In 1967, Dylan recorded a version of the song with The Band on which he shares vocals with Richard Manuel which was included on various unofficial bootleg albums, before being officially released in 2014 on Dylan's album The Bootleg Series Vol. 11: The Basement Tapes Complete.

In 2020, Dylan released a version of the song from a 1970 recording session with George Harrison on the limited edition issue, 50th Anniversary Collection: 1970.

== Other recordings ==
Johnny Cash covered the song numerous times, including on the album Johnny & June in 1978. He also recorded two versions of the song with Dylan while Dylan was recording Nashville Skyline. The song, along with several others he recorded with Dylan, were released in 2019 on Travelin' Thru—The Bootleg Series Volume 15 1967-1969. Cash would cover it again as a duet with Waylon Jennings for the album Heroes. In 2012, a remix combining Cash's original vocals with new recordings by the Avett Brothers was included on the benefit album Chimes of Freedom: The Songs of Bob Dylan Honoring 50 Years of Amnesty International. In 2014, Willie Nelson and Kris Kristofferson, who, along with Jennings and Cash made up the supergroup The Highwaymen, added their vocals to the Heroes track.

Other versions include:

- Ian A. Anderson's cover version was included on the compilation album Please Re-adjust Your Time: The Early Blues and Psych-Folk Years 1967-1972.
- The Association covered the song, which Valiant Records released on a non-album single in November 1965. The song failed to appear on Billboard magazine's Hot 100 chart, but it became a regional hit in the Los Angeles area.
- The Beau Brummels covered the song on a single which charted at number 95 in 1966.
- Joan Baez covered this song on her 1968 album of Dylan covers, Any Day Now. The 2002 Vanguard reissue of Farewell, Angelina also includes a previously unreleased version sung by Baez.
- The Band, whose original lineup backed Dylan on the song during his 1966 world tour, covered the song for the 1999 album Tangled Up in Blues.

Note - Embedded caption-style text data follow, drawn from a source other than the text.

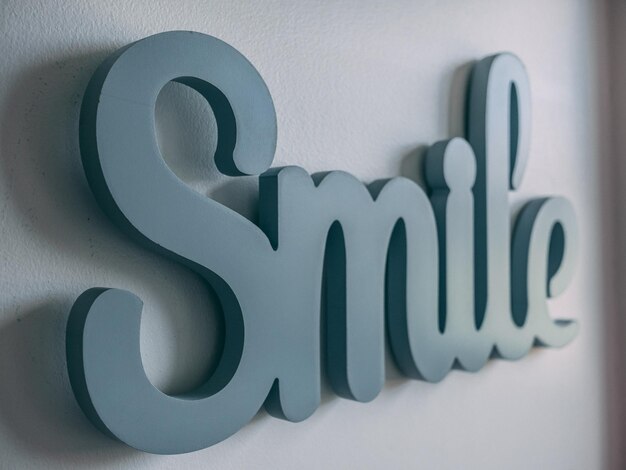 Close-up del testo del sorriso sulla parete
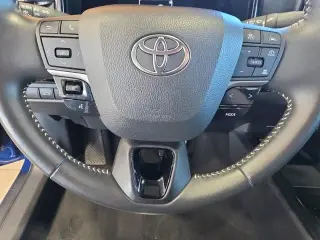 Toyota Camry 2025 SE Sedán 4p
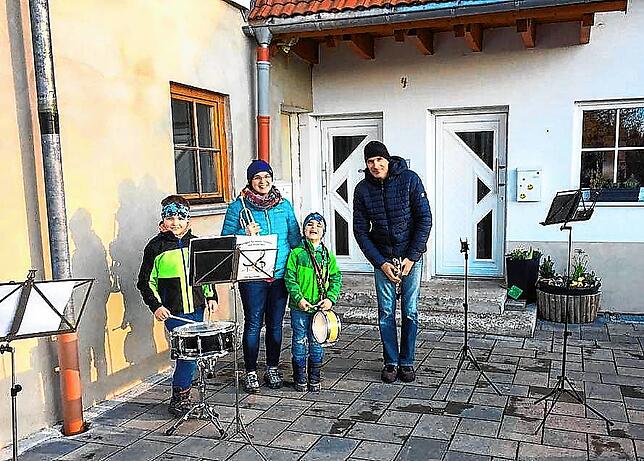 Nußbach: Schön, wenn die ganze Familie sich am Flashmob beteiligt wie hier die Kammerers.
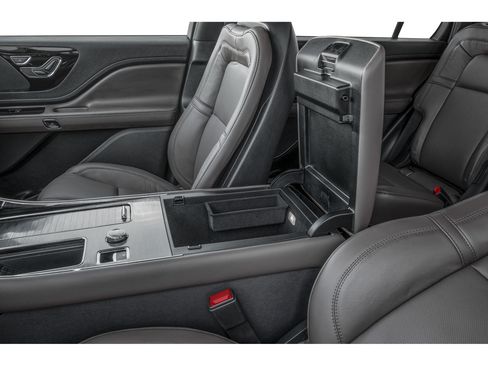 New 2027 Lincoln Aviator Reserve RWD image 35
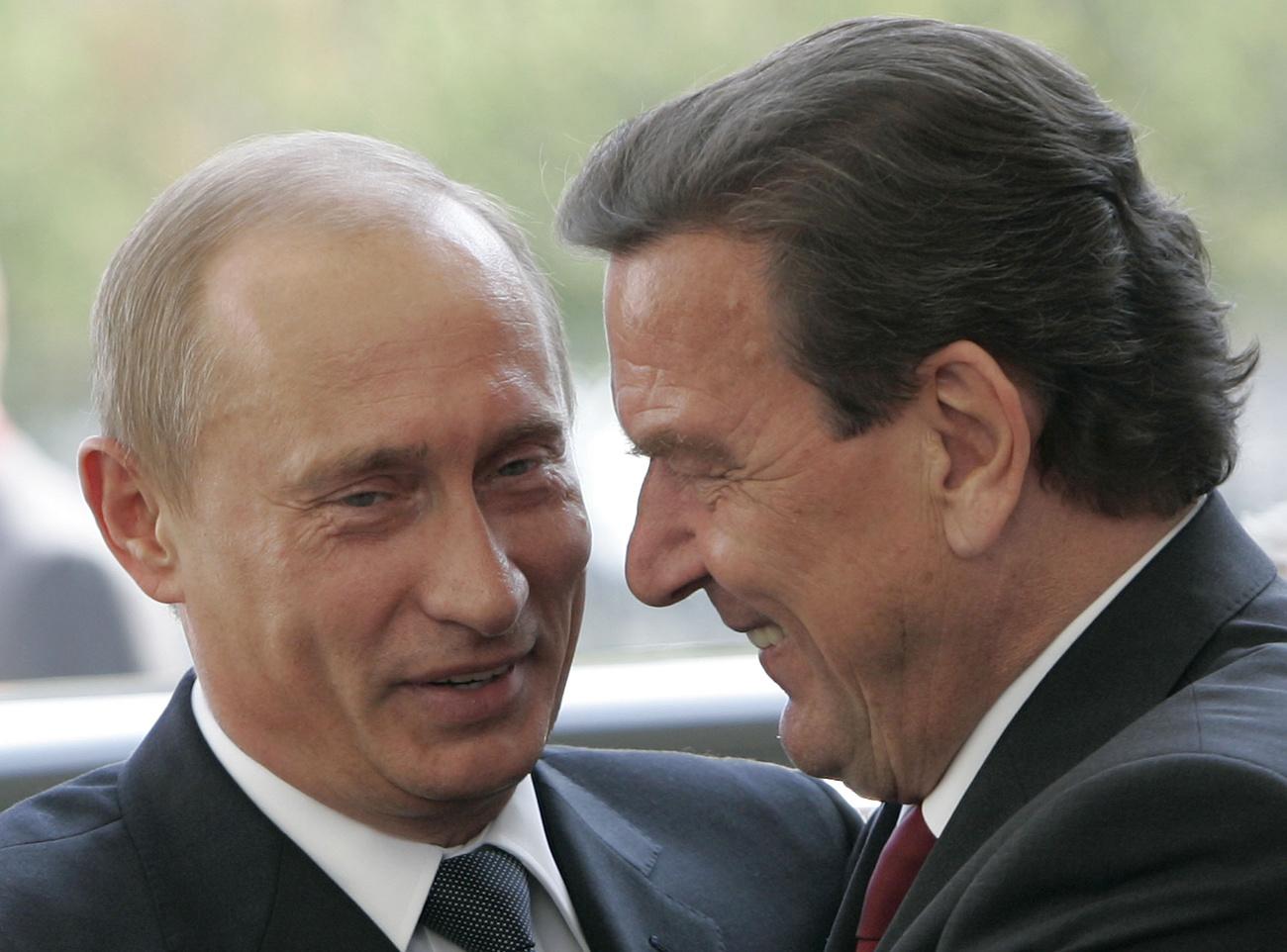 Vladimir Poutine et Gerhard Schröder en 2005 à Berlin. [Keystone - Peer Grimm]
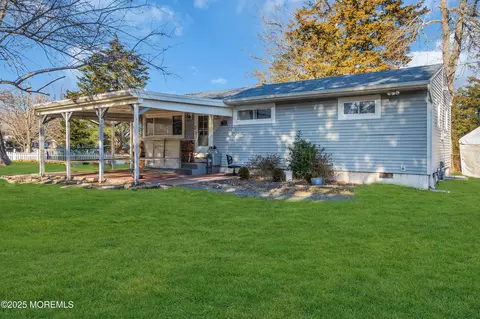 1 Joy Pl, Bayville, NJ 08721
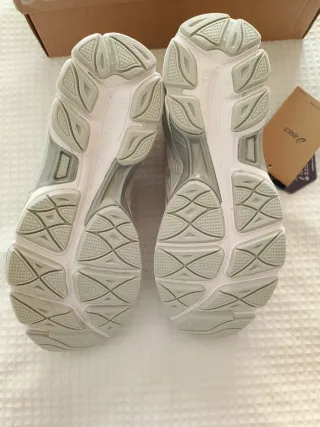 Asics Gel NYC Gris y Blanco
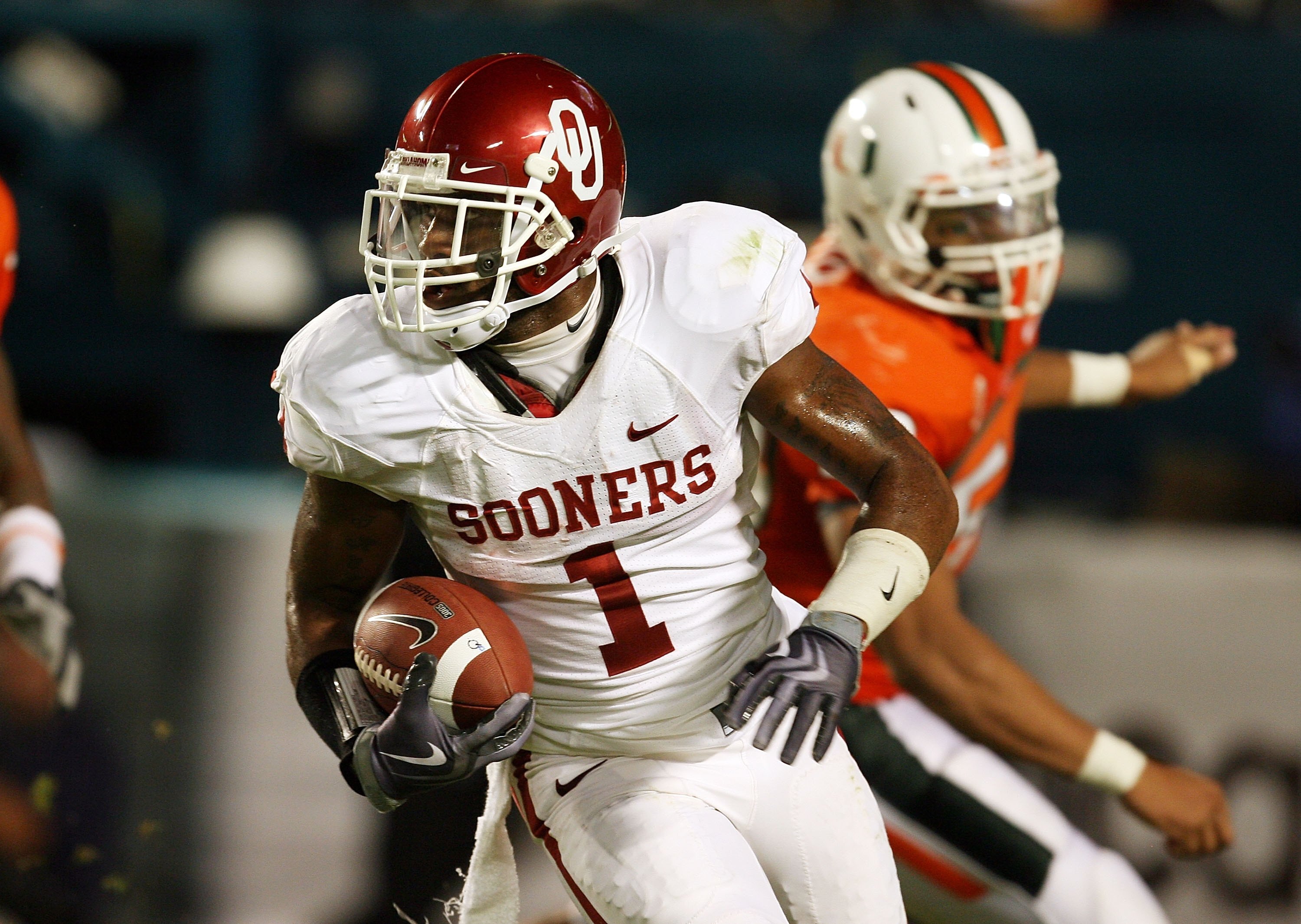 MIAMI GARDENS, FL - OCTOBER 03:  Defensive back Dominique Franks #1 of the Oklahoma Sooners avoids a tackle attempt by linebacker Jordan Futch #58 of the Miami Hurricanes enroute to a 49-yard punt return in the fourth quarter at Land Shark Stadium on Octo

Rick Danko and Garth Hudson, who appeared on the 1967 Basement Tapes recording with Dylan, recorded the song along with later members of the group. It was The Band's final recording.

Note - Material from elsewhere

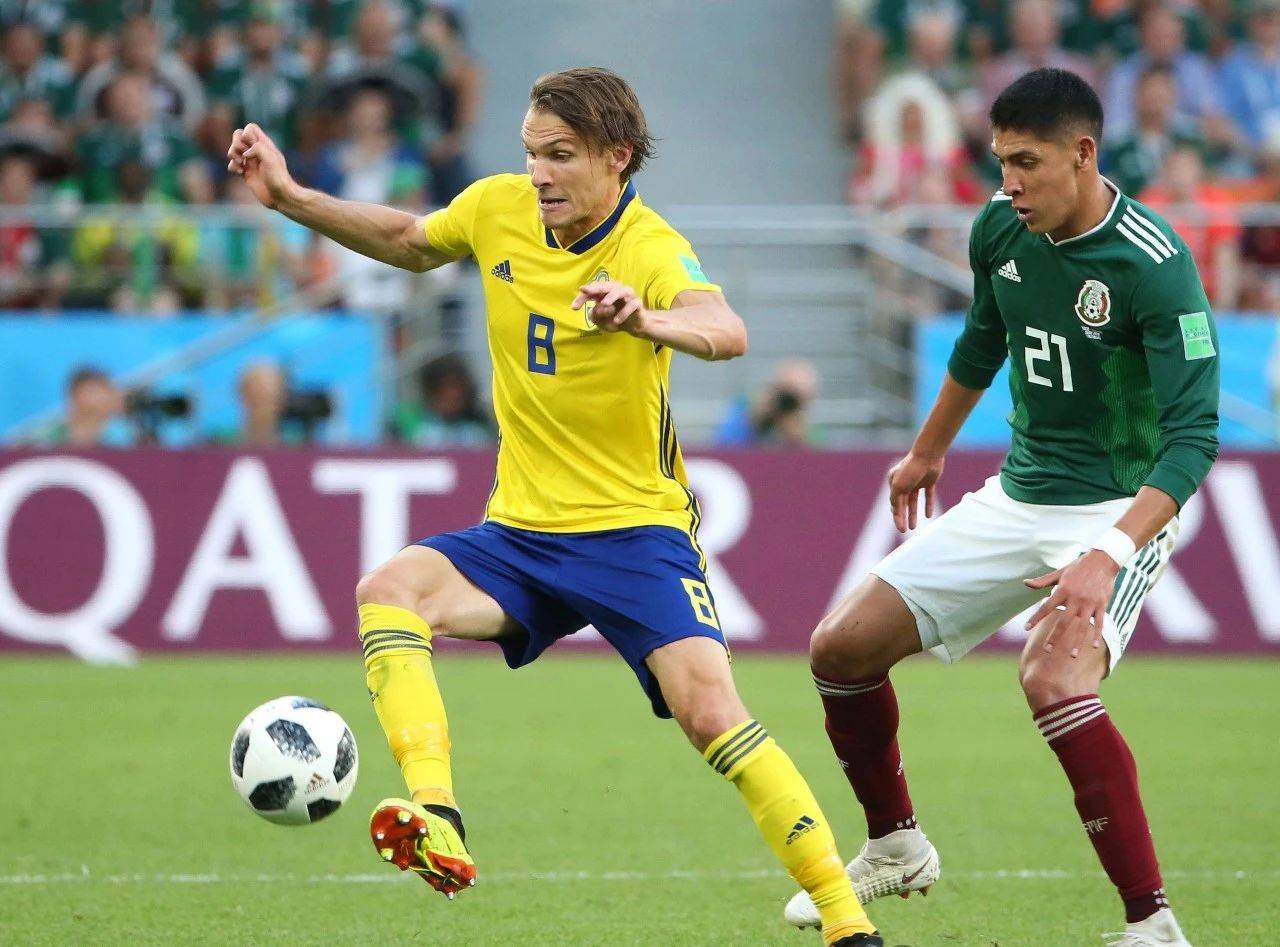 FB体育娱乐-包含哥伦比亚队在比赛中发挥出色，一路领先的词条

- BAP covered this song (as Su 'Ne Morje) on their 1983 live album Live – bess demnähx… with lyrics in the Kölsch dialect of German.

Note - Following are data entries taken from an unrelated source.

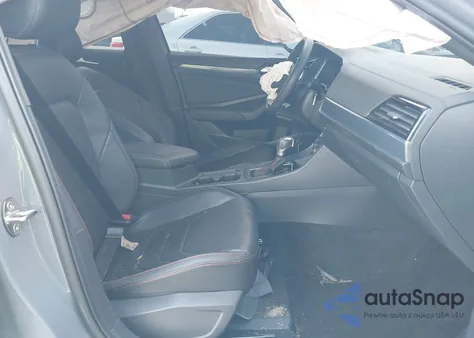 2021 Volkswagen Jetta Gli 2.0T Autobahn/2.0T S z USA, uszkodzony, nr VIN 3VW6T7BU1MM081228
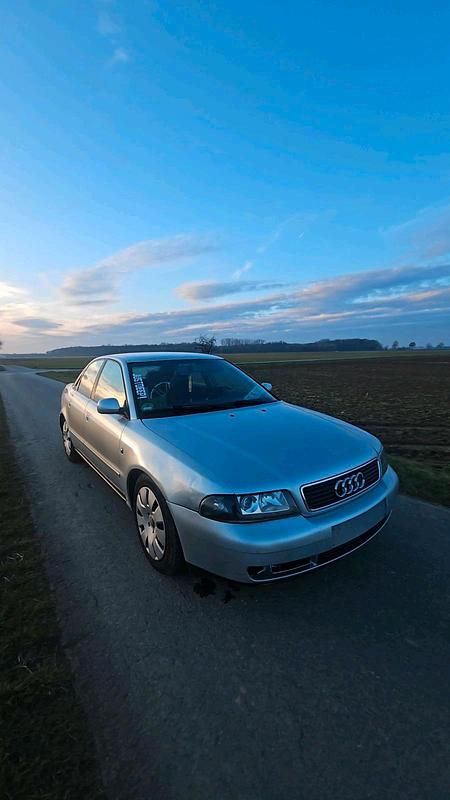 Gebraucht Audi A4 Black Edition 150 PS (110 kW) 1997 Silber Limousine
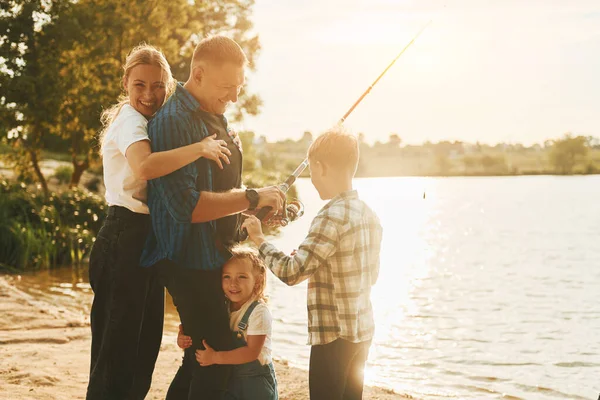 Concezione Vacanza Padre Madre Con Figlio Figlia Sulla Pesca Insieme — Foto Stock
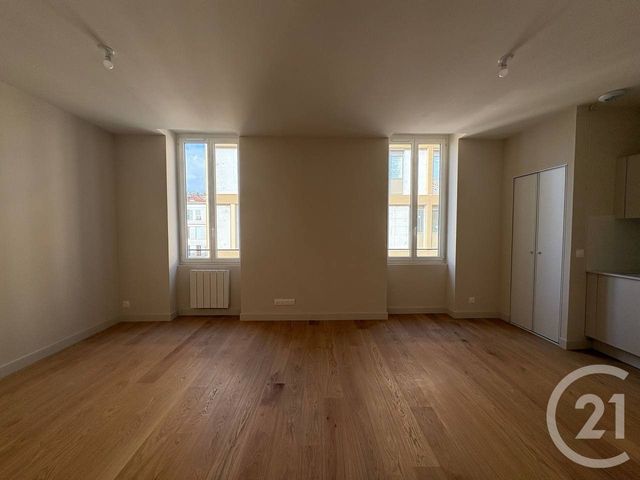 Appartement F2 à louer - 2 pièces - 38.0 m2 - NICE - 06 - PROVENCE-ALPES-COTE-D-AZUR - Century 21 Domus Immobilier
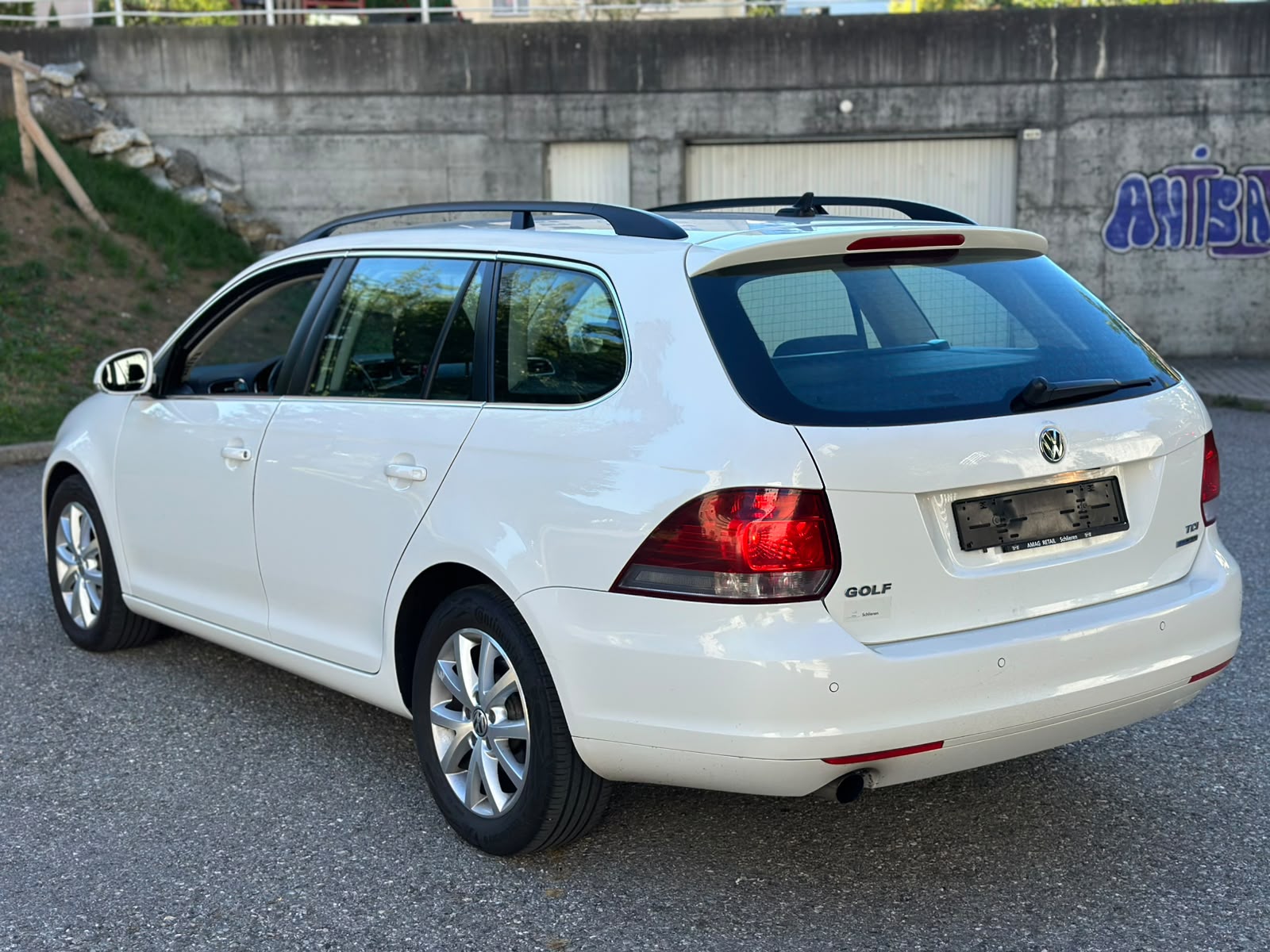 VW Golf Variant 1.6 TDI BMT Comfortline DSG-image-1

- Dion DiMucci featured "One Too Many Mornings" on his 1992 album Dream On Fire.
- David Gray covered this song on his live cover album A Thousand Miles Behind (named for a lyric from this song).
- Steve Howe covered this song on his 1999 album of Dylan covers, Portraits of Bob Dylan.
- Burl Ives covered this song on his 1968 album The Times They Are A-Changin'.
- The Kingston Trio covered the song on the album Once Upon a Time, released in 1969 (two years after the group disbanded).
- Angel Olsen covered the song for the soundtrack of the streaming television series Shining Girls.
- The Panics covered the song on their Cruel Guards Bonus CD.
- Draco Rosa covered the song in his 2008 album Vino.
- Bobby Sherman covered the song as the flip side of his 1969 45 rpm single "Little Woman".
- Jerry Jeff Walker covered the song, a live version of which may be found on the Walker's Collectables / Ridin' High double album.